Having cores act differently was always considered okay, I think, since the idea was that they’re independent programs whose authors may have different ideas of how things work. I agree that some of the options are weird and confusing, though.
We had started moving the overscan cropping functionality out of the frontend and into the cores at one point because the single frontend option simply wasn’t sufficiently granular enough to cover the many different core behaviors. Our plan was to eventually nuke the frontend option altogether but that obviously hasn’t happened.
The frontend option was originally a leftover from SSNES being a libsnes (i.e., bsnes) frontend exclusively, as SNES doesn’t really need any granularity, just a dumb crop / don’t crop. I tried to reconcile the cropping on snes9x2010 with snes9x-git at one point, but I couldn’t even get it to pad out the extra pixels, so I gave up.

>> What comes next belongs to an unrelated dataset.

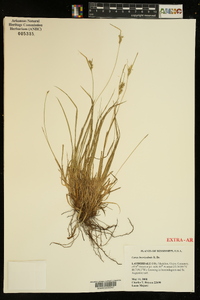 Carex breviculmis image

For Higan, byuu decided to run the program at the highest possible res (512x448[?]) all the time instead of running at the more common 256x224 by default and then resizing as required (IIRC, this is because SNES can do this mid-scanline, which PC software/APIs can’t keep up with). This fucks up shaders, so when maister worked on the re-port, he added the option to downsample it to the more common, shader-friendly res. This is indeed confusing, but the alternative is just to have a core that makes all shaders look like shit, which would likely be confusing, as well.
For beetle-saturn, I believe it has black pillarboxing of varying widths, so when it appears to just widen the image, I think it’s actually cropping off black, and then when it’s cropping and stretching, that’s overshooting the black and cutting off actual image.
I actually wish more cores had the first/last scanline option, as it lets you get perfect scaling on CRTs easily.
Personally, I don’t think a database is feasible for the same reason all these goofy options are here in the first place: people are super-picky about cropping and aspect, and nobody can agree on what’s “correct”.